→ WHAT IS NEEDED:
Pictures are to be left out, and only the lines from the one containing "死神零番队（关于死神零番队的介绍）" through the last line of the data are to be returned exactly.

→ PROVIDED MATERIAL:
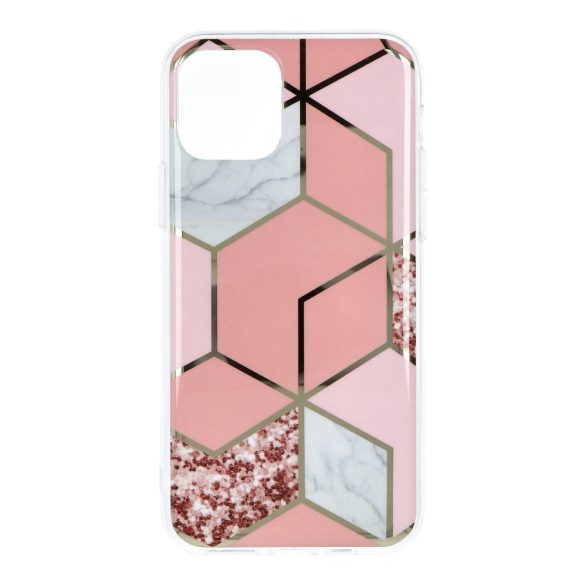 Marble Cosmo iPhone 12 Pro Max márvány mintás, hátlap, tok, rózsaszín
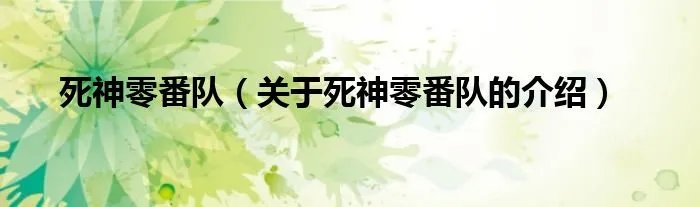 死神零番队（关于死神零番队的介绍）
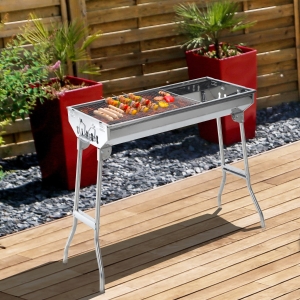 Outsunny Portable Charcoal BBQ Grill, Stainless Steel,73Lx33Wx71H cm-Silver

→ RESPONSE TO THE EXERCISE:
 死神零番队（关于死神零番队的介绍）
 Outsunny Portable Charcoal BBQ Grill, Stainless Steel,73Lx33Wx71H cm-Silver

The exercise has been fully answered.